§ Directions:
Retype all of the data exactly as given.

(Dataset excerpts)

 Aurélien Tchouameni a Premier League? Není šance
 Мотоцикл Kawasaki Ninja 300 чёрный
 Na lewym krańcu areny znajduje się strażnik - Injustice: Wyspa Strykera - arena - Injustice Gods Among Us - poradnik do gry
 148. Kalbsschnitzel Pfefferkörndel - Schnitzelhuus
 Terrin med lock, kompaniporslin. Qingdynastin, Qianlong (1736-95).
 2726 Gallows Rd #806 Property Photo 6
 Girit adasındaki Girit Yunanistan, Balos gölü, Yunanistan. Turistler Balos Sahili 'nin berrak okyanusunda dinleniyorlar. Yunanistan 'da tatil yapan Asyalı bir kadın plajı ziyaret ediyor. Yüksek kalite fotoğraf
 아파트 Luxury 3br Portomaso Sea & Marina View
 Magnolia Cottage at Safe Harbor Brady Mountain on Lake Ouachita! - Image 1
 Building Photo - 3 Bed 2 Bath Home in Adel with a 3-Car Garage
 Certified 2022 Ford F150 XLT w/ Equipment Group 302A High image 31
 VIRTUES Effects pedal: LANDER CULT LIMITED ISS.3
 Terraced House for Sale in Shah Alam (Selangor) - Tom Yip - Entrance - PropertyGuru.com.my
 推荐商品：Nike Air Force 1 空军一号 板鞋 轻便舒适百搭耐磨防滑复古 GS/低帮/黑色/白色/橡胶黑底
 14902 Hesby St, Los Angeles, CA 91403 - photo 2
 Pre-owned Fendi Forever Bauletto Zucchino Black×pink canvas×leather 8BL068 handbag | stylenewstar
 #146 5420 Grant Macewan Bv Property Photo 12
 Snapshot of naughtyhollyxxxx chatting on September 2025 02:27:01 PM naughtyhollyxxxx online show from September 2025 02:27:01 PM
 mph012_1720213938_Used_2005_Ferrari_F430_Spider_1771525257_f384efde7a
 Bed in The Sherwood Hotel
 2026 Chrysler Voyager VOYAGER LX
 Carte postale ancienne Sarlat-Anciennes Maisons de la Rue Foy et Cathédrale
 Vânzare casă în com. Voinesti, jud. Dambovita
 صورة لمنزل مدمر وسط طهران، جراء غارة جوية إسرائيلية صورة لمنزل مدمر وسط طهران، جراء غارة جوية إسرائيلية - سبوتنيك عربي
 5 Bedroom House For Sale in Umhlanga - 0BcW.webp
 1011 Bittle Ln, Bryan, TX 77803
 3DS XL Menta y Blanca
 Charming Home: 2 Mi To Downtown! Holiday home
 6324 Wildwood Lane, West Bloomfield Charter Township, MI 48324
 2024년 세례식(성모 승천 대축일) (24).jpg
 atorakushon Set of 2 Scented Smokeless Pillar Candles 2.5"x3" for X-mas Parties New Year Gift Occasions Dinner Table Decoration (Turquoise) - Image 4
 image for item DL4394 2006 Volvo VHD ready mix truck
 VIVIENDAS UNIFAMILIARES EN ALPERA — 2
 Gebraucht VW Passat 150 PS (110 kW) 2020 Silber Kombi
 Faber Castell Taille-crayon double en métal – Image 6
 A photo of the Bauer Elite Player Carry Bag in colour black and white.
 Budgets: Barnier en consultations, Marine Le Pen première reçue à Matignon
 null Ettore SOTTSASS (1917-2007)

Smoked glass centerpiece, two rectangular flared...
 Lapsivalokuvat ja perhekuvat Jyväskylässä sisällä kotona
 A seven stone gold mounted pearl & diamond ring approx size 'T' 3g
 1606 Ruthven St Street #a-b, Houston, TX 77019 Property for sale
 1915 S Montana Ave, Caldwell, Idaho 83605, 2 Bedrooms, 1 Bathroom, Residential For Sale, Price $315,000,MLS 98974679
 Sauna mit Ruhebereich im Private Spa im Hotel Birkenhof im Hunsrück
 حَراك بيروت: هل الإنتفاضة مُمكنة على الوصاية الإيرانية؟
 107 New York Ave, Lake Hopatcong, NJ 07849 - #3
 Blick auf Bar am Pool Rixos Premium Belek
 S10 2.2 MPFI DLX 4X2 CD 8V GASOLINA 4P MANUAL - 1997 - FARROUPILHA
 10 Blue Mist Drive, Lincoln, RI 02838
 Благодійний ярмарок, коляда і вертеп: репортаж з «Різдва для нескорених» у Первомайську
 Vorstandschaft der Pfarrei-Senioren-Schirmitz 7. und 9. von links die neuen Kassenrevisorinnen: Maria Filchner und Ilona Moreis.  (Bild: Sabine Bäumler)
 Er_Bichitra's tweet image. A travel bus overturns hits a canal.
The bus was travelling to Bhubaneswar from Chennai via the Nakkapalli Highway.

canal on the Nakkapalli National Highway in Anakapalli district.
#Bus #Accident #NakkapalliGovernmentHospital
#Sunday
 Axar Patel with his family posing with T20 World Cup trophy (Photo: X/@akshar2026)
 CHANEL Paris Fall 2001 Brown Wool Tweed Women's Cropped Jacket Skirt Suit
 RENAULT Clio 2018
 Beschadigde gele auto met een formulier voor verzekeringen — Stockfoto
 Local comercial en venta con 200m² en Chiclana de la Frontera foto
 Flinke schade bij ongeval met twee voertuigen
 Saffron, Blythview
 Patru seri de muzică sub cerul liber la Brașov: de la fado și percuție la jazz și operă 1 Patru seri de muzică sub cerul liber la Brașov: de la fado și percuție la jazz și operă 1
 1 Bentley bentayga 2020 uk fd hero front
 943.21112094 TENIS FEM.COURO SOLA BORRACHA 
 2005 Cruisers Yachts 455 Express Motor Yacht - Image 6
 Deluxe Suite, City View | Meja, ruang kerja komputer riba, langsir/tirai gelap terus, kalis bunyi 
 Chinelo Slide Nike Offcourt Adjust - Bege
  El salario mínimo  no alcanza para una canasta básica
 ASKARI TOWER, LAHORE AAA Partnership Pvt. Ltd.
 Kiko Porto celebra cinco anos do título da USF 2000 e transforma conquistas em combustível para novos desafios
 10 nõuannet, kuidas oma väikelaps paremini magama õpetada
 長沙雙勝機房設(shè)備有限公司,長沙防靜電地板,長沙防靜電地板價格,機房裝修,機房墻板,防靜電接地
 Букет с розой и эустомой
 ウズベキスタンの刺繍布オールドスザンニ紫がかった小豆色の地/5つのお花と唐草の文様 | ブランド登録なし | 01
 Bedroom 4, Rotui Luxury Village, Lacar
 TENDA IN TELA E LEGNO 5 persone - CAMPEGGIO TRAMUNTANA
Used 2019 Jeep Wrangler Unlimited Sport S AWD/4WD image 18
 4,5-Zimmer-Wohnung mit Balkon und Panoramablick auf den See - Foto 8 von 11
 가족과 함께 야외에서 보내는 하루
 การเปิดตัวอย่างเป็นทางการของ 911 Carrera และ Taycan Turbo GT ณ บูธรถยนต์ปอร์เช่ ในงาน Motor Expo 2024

§ Worked solution:
 Aurélien Tchouameni a Premier League? Není šance
 Мотоцикл Kawasaki Ninja 300 чёрный
 Na lewym krańcu areny znajduje się strażnik - Injustice: Wyspa Strykera - arena - Injustice Gods Among Us - poradnik do gry
 148. Kalbsschnitzel Pfefferkörndel - Schnitzelhuus
 Terrin med lock, kompaniporslin. Qingdynastin, Qianlong (1736-95).
 2726 Gallows Rd #806 Property Photo 6
 Girit adasındaki Girit Yunanistan, Balos gölü, Yunanistan. Turistler Balos Sahili 'nin berrak okyanusunda dinleniyorlar. Yunanistan 'da tatil yapan Asyalı bir kadın plajı ziyaret ediyor. Yüksek kalite fotoğraf
 아파트 Luxury 3br Portomaso Sea & Marina View
 Magnolia Cottage at Safe Harbor Brady Mountain on Lake Ouachita! - Image 1
 Building Photo - 3 Bed 2 Bath Home in Adel with a 3-Car Garage
 Certified 2022 Ford F150 XLT w/ Equipment Group 302A High image 31
 VIRTUES Effects pedal: LANDER CULT LIMITED ISS.3
 Terraced House for Sale in Shah Alam (Selangor) - Tom Yip - Entrance - PropertyGuru.com.my
 推荐商品：Nike Air Force 1 空军一号 板鞋 轻便舒适百搭耐磨防滑复古 GS/低帮/黑色/白色/橡胶黑底
 14902 Hesby St, Los Angeles, CA 91403 - photo 2
 Pre-owned Fendi Forever Bauletto Zucchino Black×pink canvas×leather 8BL068 handbag | stylenewstar
 #146 5420 Grant Macewan Bv Property Photo 12
 Snapshot of naughtyhollyxxxx chatting on September 2025 02:27:01 PM naughtyhollyxxxx online show from September 2025 02:27:01 PM
 mph012_1720213938_Used_2005_Ferrari_F430_Spider_1771525257_f384efde7a
 Bed in The Sherwood Hotel
 2026 Chrysler Voyager VOYAGER LX
 Carte postale ancienne Sarlat-Anciennes Maisons de la Rue Foy et Cathédrale
 Vânzare casă în com. Voinesti, jud. Dambovita
 صورة لمنزل مدمر وسط طهران، جراء غارة جوية إسرائيلية صورة لمنزل مدمر وسط طهران، جراء غارة جوية إسرائيلية - سبوتنيك عربي
 5 Bedroom House For Sale in Umhlanga - 0BcW.webp
 1011 Bittle Ln, Bryan, TX 77803
 3DS XL Menta y Blanca
 Charming Home: 2 Mi To Downtown! Holiday home
 6324 Wildwood Lane, West Bloomfield Charter Township, MI 48324
 2024년 세례식(성모 승천 대축일) (24).jpg
 atorakushon Set of 2 Scented Smokeless Pillar Candles 2.5"x3" for X-mas Parties New Year Gift Occasions Dinner Table Decoration (Turquoise) - Image 4
 image for item DL4394 2006 Volvo VHD ready mix truck
 VIVIENDAS UNIFAMILIARES EN ALPERA — 2
 Gebraucht VW Passat 150 PS (110 kW) 2020 Silber Kombi
 Faber Castell Taille-crayon double en métal – Image 6
 A photo of the Bauer Elite Player Carry Bag in colour black and white.
 Budgets: Barnier en consultations, Marine Le Pen première reçue à Matignon
 null Ettore SOTTSASS (1917-2007)

Smoked glass centerpiece, two rectangular flared...
 Lapsivalokuvat ja perhekuvat Jyväskylässä sisällä kotona
 A seven stone gold mounted pearl & diamond ring approx size 'T' 3g
 1606 Ruthven St Street #a-b, Houston, TX 77019 Property for sale
 1915 S Montana Ave, Caldwell, Idaho 83605, 2 Bedrooms, 1 Bathroom, Residential For Sale, Price $315,000,MLS 98974679
 Sauna mit Ruhebereich im Private Spa im Hotel Birkenhof im Hunsrück
 حَراك بيروت: هل الإنتفاضة مُمكنة على الوصاية الإيرانية؟
 107 New York Ave, Lake Hopatcong, NJ 07849 - #3
 Blick auf Bar am Pool Rixos Premium Belek
 S10 2.2 MPFI DLX 4X2 CD 8V GASOLINA 4P MANUAL - 1997 - FARROUPILHA
 10 Blue Mist Drive, Lincoln, RI 02838
 Благодійний ярмарок, коляда і вертеп: репортаж з «Різдва для нескорених» у Первомайську
 Vorstandschaft der Pfarrei-Senioren-Schirmitz 7. und 9. von links die neuen Kassenrevisorinnen: Maria Filchner und Ilona Moreis.  (Bild: Sabine Bäumler)
 Er_Bichitra's tweet image. A travel bus overturns hits a canal.
The bus was travelling to Bhubaneswar from Chennai via the Nakkapalli Highway.

canal on the Nakkapalli National Highway in Anakapalli district.
#Bus #Accident #NakkapalliGovernmentHospital
#Sunday
 Axar Patel with his family posing with T20 World Cup trophy (Photo: X/@akshar2026)
 CHANEL Paris Fall 2001 Brown Wool Tweed Women's Cropped Jacket Skirt Suit
 RENAULT Clio 2018
 Beschadigde gele auto met een formulier voor verzekeringen — Stockfoto
 Local comercial en venta con 200m² en Chiclana de la Frontera foto
 Flinke schade bij ongeval met twee voertuigen
 Saffron, Blythview
 Patru seri de muzică sub cerul liber la Brașov: de la fado și percuție la jazz și operă 1 Patru seri de muzică sub cerul liber la Brașov: de la fado și percuție la jazz și operă 1
 1 Bentley bentayga 2020 uk fd hero front
 943.21112094 TENIS FEM.COURO SOLA BORRACHA 
 2005 Cruisers Yachts 455 Express Motor Yacht - Image 6
 Deluxe Suite, City View | Meja, ruang kerja komputer riba, langsir/tirai gelap terus, kalis bunyi 
 Chinelo Slide Nike Offcourt Adjust - Bege
  El salario mínimo  no alcanza para una canasta básica
 ASKARI TOWER, LAHORE AAA Partnership Pvt. Ltd.
 Kiko Porto celebra cinco anos do título da USF 2000 e transforma conquistas em combustível para novos desafios
 10 nõuannet, kuidas oma väikelaps paremini magama õpetada
 長沙雙勝機房設(shè)備有限公司,長沙防靜電地板,長沙防靜電地板價格,機房裝修,機房墻板,防靜電接地
 Букет с розой и эустомой
 ウズベキスタンの刺繍布オールドスザンニ紫がかった小豆色の地/5つのお花と唐草の文様 | ブランド登録なし | 01
 Bedroom 4, Rotui Luxury Village, Lacar
 TENDA IN TELA E LEGNO 5 persone - CAMPEGGIO TRAMUNTANA
Used 2019 Jeep Wrangler Unlimited Sport S AWD/4WD image 18
 4,5-Zimmer-Wohnung mit Balkon und Panoramablick auf den See - Foto 8 von 11
 가족과 함께 야외에서 보내는 하루
 การเปิดตัวอย่างเป็นทางการของ 911 Carrera และ Taycan Turbo GT ณ บูธรถยนต์ปอร์เช่ ในงาน Motor Expo 2024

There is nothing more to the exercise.